==== Data shown ====
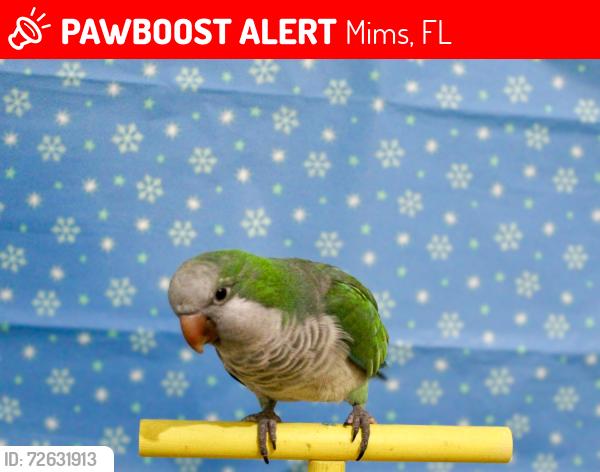 Lost Male Bird last seen Bromeliad Rd and Lake Harney Woods Blvd Mims, Florida , Mims, FL 32754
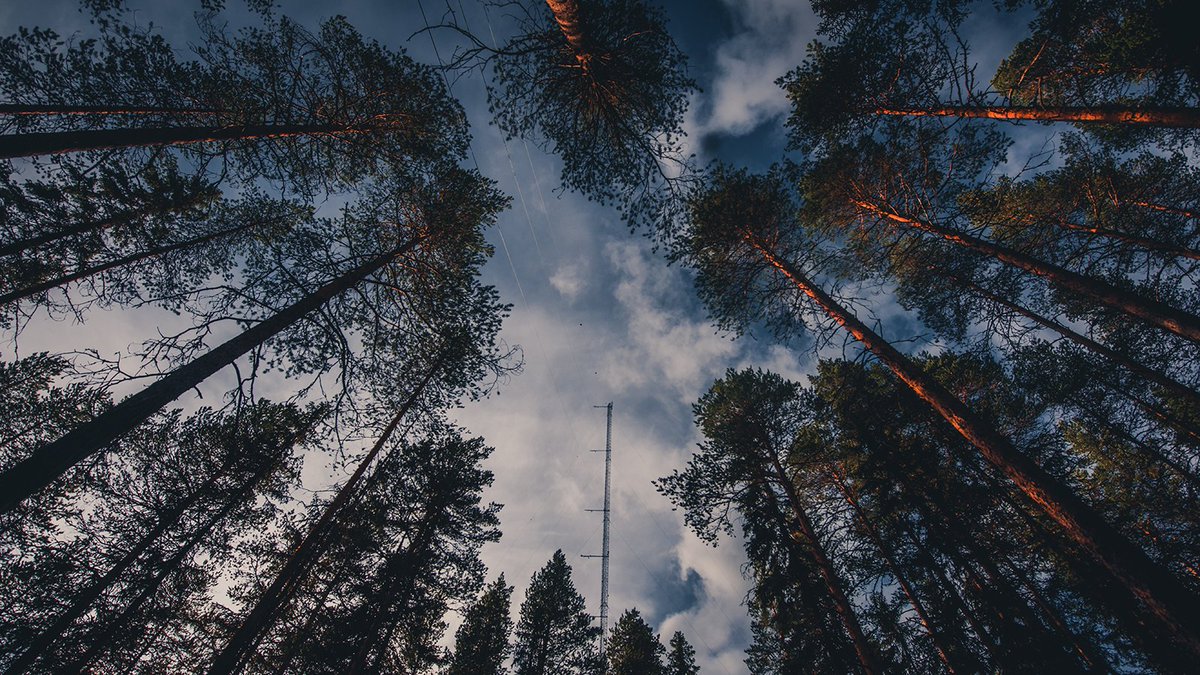 ICOS RI (@icos_ri) on Twitter photo 📣Open positions at ICOS Carbon Portal!
Carbon Portal, located in Lund, Sweden, is looking for an experienced back-end developer & system administrator. Applications for both positions close 23rd April.
Read more: icos-cp.eu/news-and-event… 📣Open positions at ICOS Carbon Portal!
Carbon Portal, located in Lund, Sweden, is looking for an experienced back-end developer & system administrator. Applications for both positions close 23rd April.
Read more: icos-cp.eu/news-and-event…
====
Aim of the task:
The lines above must be transcribed exactly, with every picture left out.

Solution below:
 Lost Male Bird last seen Bromeliad Rd and Lake Harney Woods Blvd Mims, Florida , Mims, FL 32754
 ICOS RI (@icos_ri) on Twitter photo 📣Open positions at ICOS Carbon Portal!
Carbon Portal, located in Lund, Sweden, is looking for an experienced back-end developer & system administrator. Applications for both positions close 23rd April.
Read more: icos-cp.eu/news-and-event… 📣Open positions at ICOS Carbon Portal!
Carbon Portal, located in Lund, Sweden, is looking for an experienced back-end developer & system administrator. Applications for both positions close 23rd April.
Read more: icos-cp.eu/news-and-event…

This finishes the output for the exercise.